How do you write a poem?
How do you write a poem?
You go to bed at midnight after a pleasant meal with friends, ready for sleep. A thought occurs – the wooden bed you’re sleeping on, the cotton sheets, the sand on the beach you walked along today – all these were once alive, part of vibrant, living things. Now they are merely scenery in the play of life.
A line leaps into your mind: ‘The cloth of life is woven from the dead’. (I changed that to ‘clothes’ later, to mirror the ‘o’ sound in ‘woven’). You sit up. Groaning, you turn on the light and grab a pen and the back of an envelope on your desk. Three hours later (in this case – I have known it take three years) you have gone as far you can and stagger back to rest your head on a pillow.

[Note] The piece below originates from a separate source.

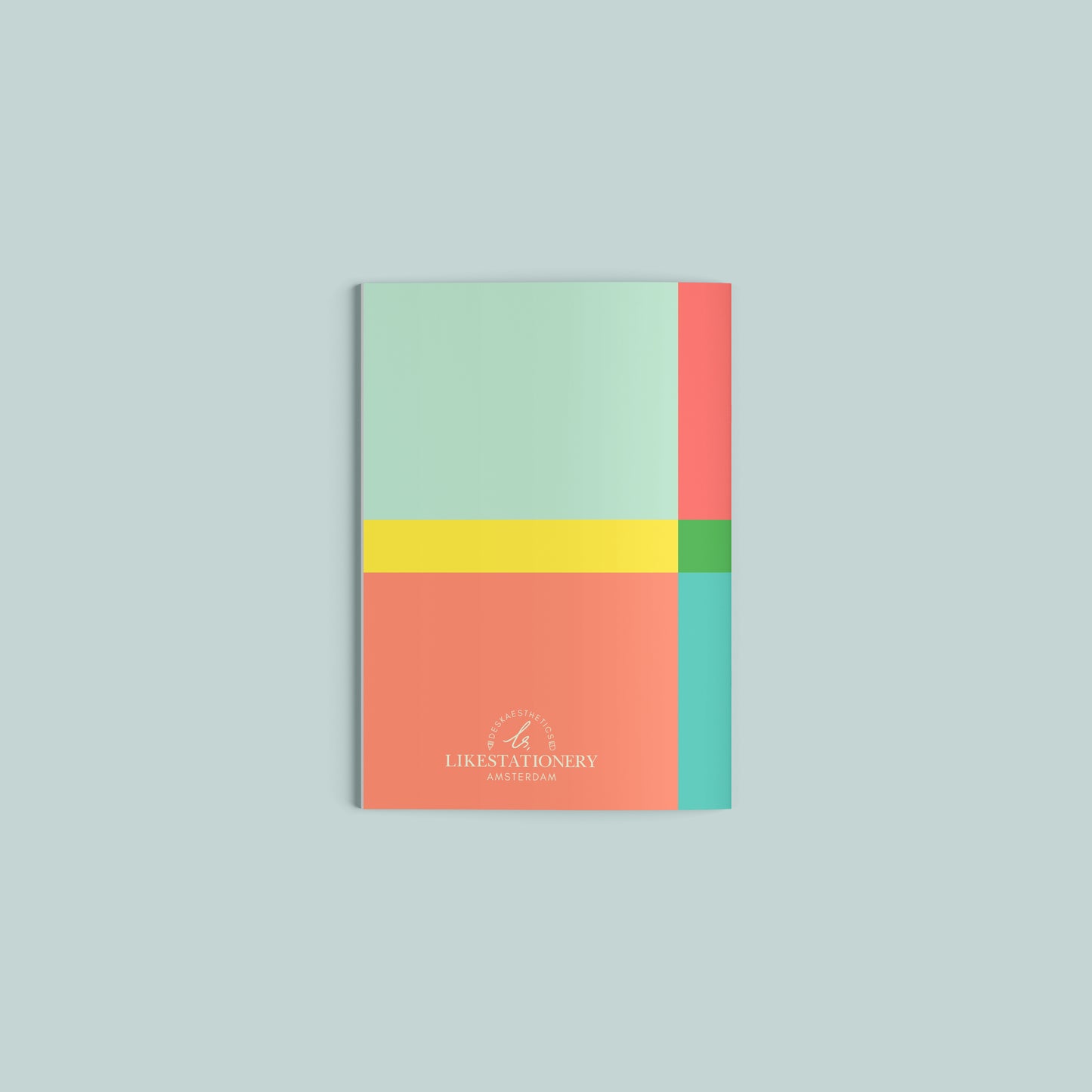Pocket Block A6 | Vanilla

Your back is itching from bites because you forgot to put on a dressing gown and replenish the mosquito coils. Words and phrases collide in your mind. Should you really introduce a prosaic spondee like ‘bacon’ in line six of a melancholy Shakespearian sonnet? Can a fluttering pennant ‘hold fast’? Castles and fortresses do, so why not a pennant? Eventually, at about 4 a.m. or so, you drift into sleep.
That is how you write a poem – or, at least, how I wrote the one thousandth, three hundredth and ninety-second poem of my adult life. A poem which may never see print or be read by another soul.